We can have a society that is cohesive even if there is economic injustice that we have to fight. And we can have a society that is cohesive even if there is racial injustice, which Christians should be fighting. But if the family disintegrates, and men can’t be counted on to take care of the children they sire, and the women who are the mothers of their children, then we’ve got real chaos.

R&P: So you’re saying that there’s a stability in economic and racial injustice that is different? Am I understanding the distinction here?

RD: No, I’m just saying that there has been racism and economic injustice in almost every society since the beginning of time, and yet those societies have managed to reproduce families and hold on to faith and moral order. If you lose the family, though, that’s the most important thing.

Family is the most important thing to conserve. Not economic justice or racial justice. Those things must be fought for, but they’re not as important as the family and the faith. Or rather they come from faith and family.

If you have an economic order, or a racially unjust order, that hurts the faith and hurts the family, and tears the family apart, then to fight against racism and to fight against economic injustice is to protect the family and therefore to protect the faith.

R&P: There are these deep ways in which these things are connected—the extreme example would be slavery ripping families apart. I’m not sure how easily you can separate them out.

RD: Well, slavery is the perfect example of that, and yet the black churches helped the slaves overcome even that injustice. It was in the name of Jesus that the black pastors and the civil rights leaders fought against that injustice. So you can’t separate these from Christianity. Christianity doesn’t exist outside of society.

I would just say that the right order of things is, if we lose the family, we lose everything else. I believe that we can’t have economic justice, and it’s a lot harder to have racial justice, if we don’t have the family.
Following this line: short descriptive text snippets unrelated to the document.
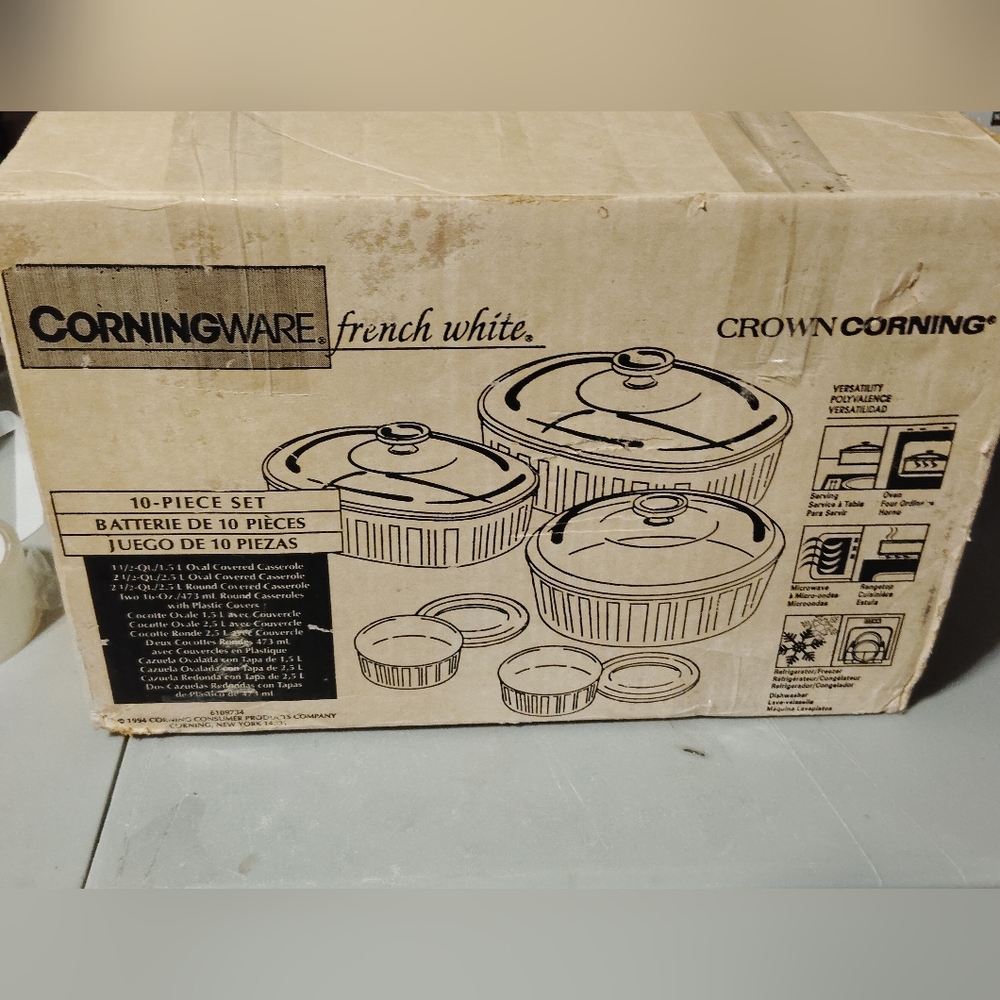 Corningware 10-Piece Set with Black Text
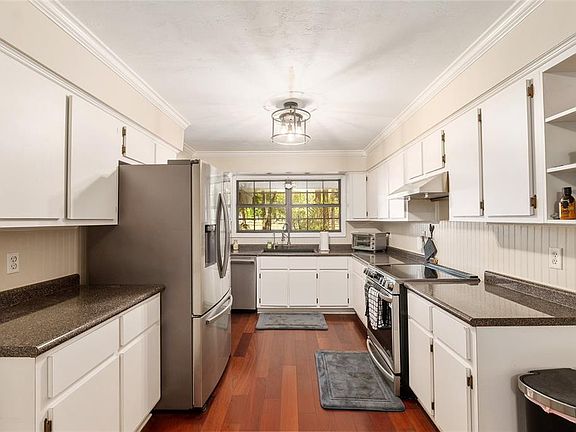 4th image of 9917 SW 77th Ct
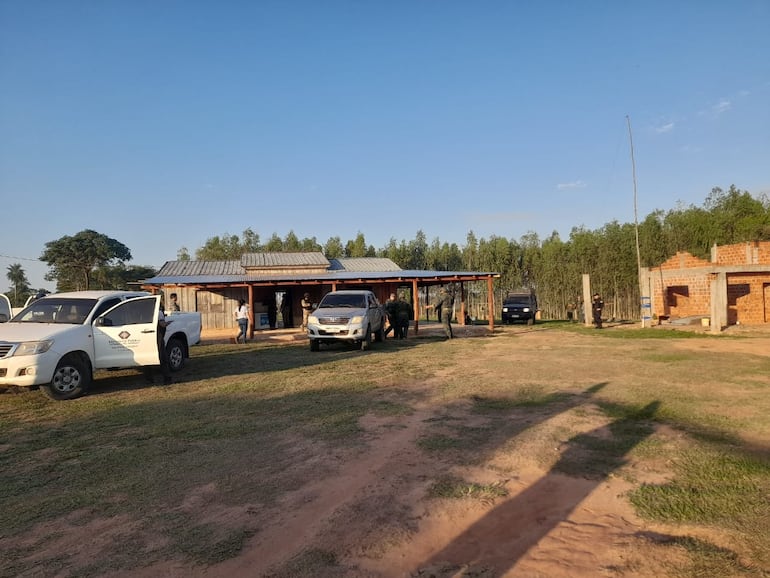 Agentes de la Policía Nacional, la Senad y las Fuerzas Militares llevaron a cabo un operativo encabezado por la fiscala Ines Estigarribia, esta mañana en la localidad de Yby Pyta.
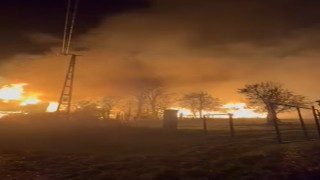 Alevlere teslim olan 6 ev ve ahır kullanılmaz hale geldi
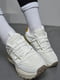 Кроссовки белого цвета на шнуровке | 6687236 | фото 2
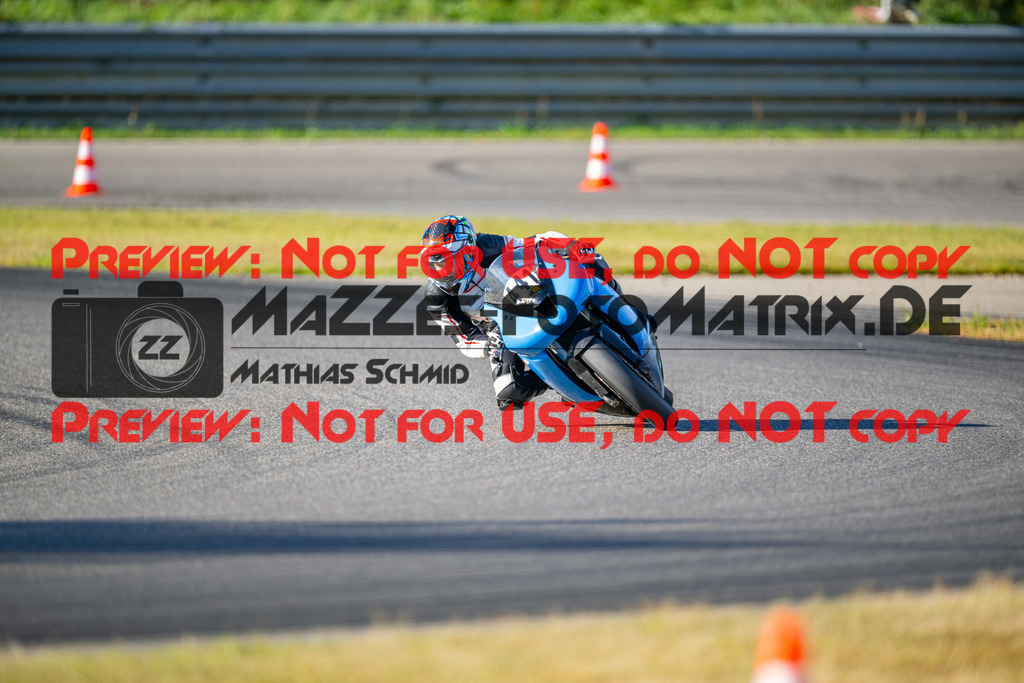 MaZZes-Fotomatrix-20260918-703120 | GELB
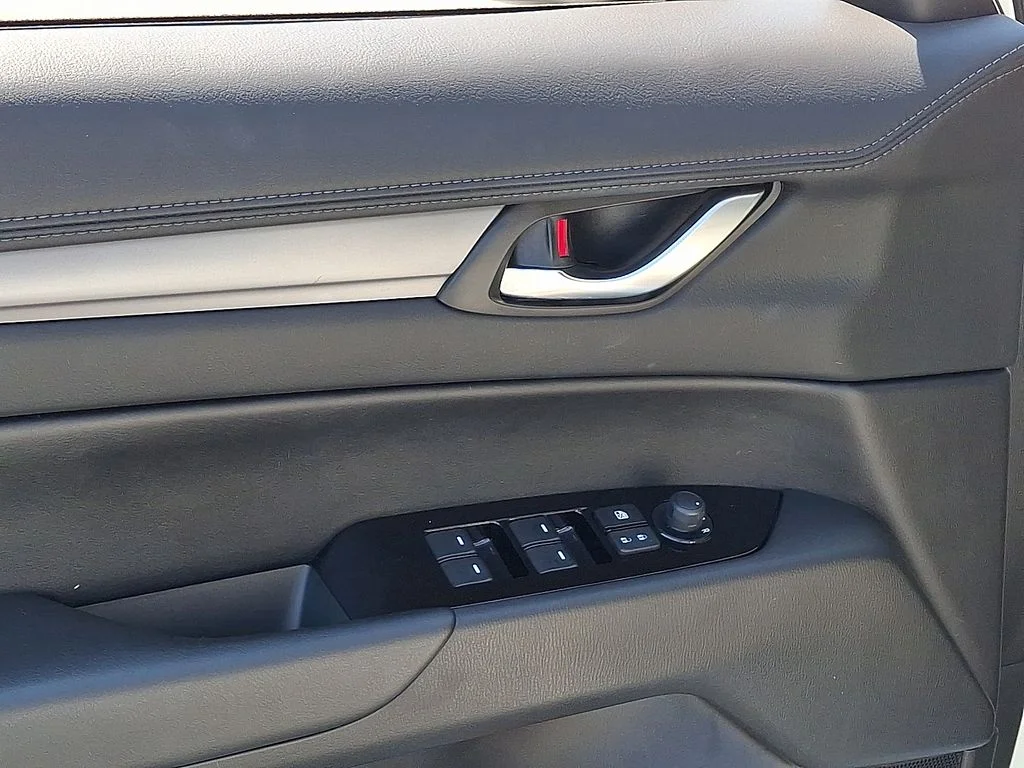 2025 Mazda CX-5 S Preferred package - Photo 12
R&P: Where is this all heading? Do you think secular mainstream culture will collapse, and then the Benedict Option is waiting?

RD: I expect things to continue to unwind. If we have an economic crash, a serious economic crash, I think then we will come to understand how much of our society was held up by money, and how the loss of social bonds and social solidarity has cost us. It’s made us much less resilient and much less likely to care for our neighbors.

Even if economic times continue to be good, I think that we’ll see the public square becoming ever more toxic, certainly more hostile to Christian conservatives. I don’t know that we’ll ever reach the level in this country of secularism that they have in Europe. We may, and we have to prepare for that.

We just have to hope that we do the best we can at the time God has given us, and hope that the church can be an ark for people who are refugees from however the culture war turns out.